Con un outlook tendenzialmente positivo e un rating che si aggira fra il BBB di Fitch e Standard & Poor’s (quest’ultimo con l’addendum +) e il Baa3 di Moody’s, all’Italia viene in questo momento sostanzialmente riconosciuta una gestione prudente dei conti pubblici, in grado di attestare il deficit su quasi il 3% del PIL e di tenere sotto controllo il debito pubblico, e forse potremo anche considerare positivo questo aspetto.
Siamo, e lo si può dire con una punta di orgoglio, l’invidia dei cugini d’oltralpe che purtroppo per loro non possono oggi dirsi parimenti soddisfatti dei conti francesi, ma obiettivamente è del tutto inutile fare confronti o sorridere sulle disgrazie altrui perché il nostro sistema economico è oramai assai incardinato con il resto del pianeta pertanto il bene o il male di uno si riflette su tutti.

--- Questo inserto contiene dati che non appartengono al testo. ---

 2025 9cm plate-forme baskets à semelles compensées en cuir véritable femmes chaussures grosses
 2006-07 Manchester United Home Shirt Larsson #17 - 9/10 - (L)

Tuttavia questo risultato impone un grande rigore, quando non addirittura un parziale immobilismo, nella gestione in prospettiva della spesa pubblica. E che le risorse sono assai limitate lo si capisce anche dal fatto che il margine di intervento riconosciuto dal governo agli emendamenti parlamentari viene stimato in non più di 100 milioni, almeno per quello che abbiamo potuto leggere fin qui.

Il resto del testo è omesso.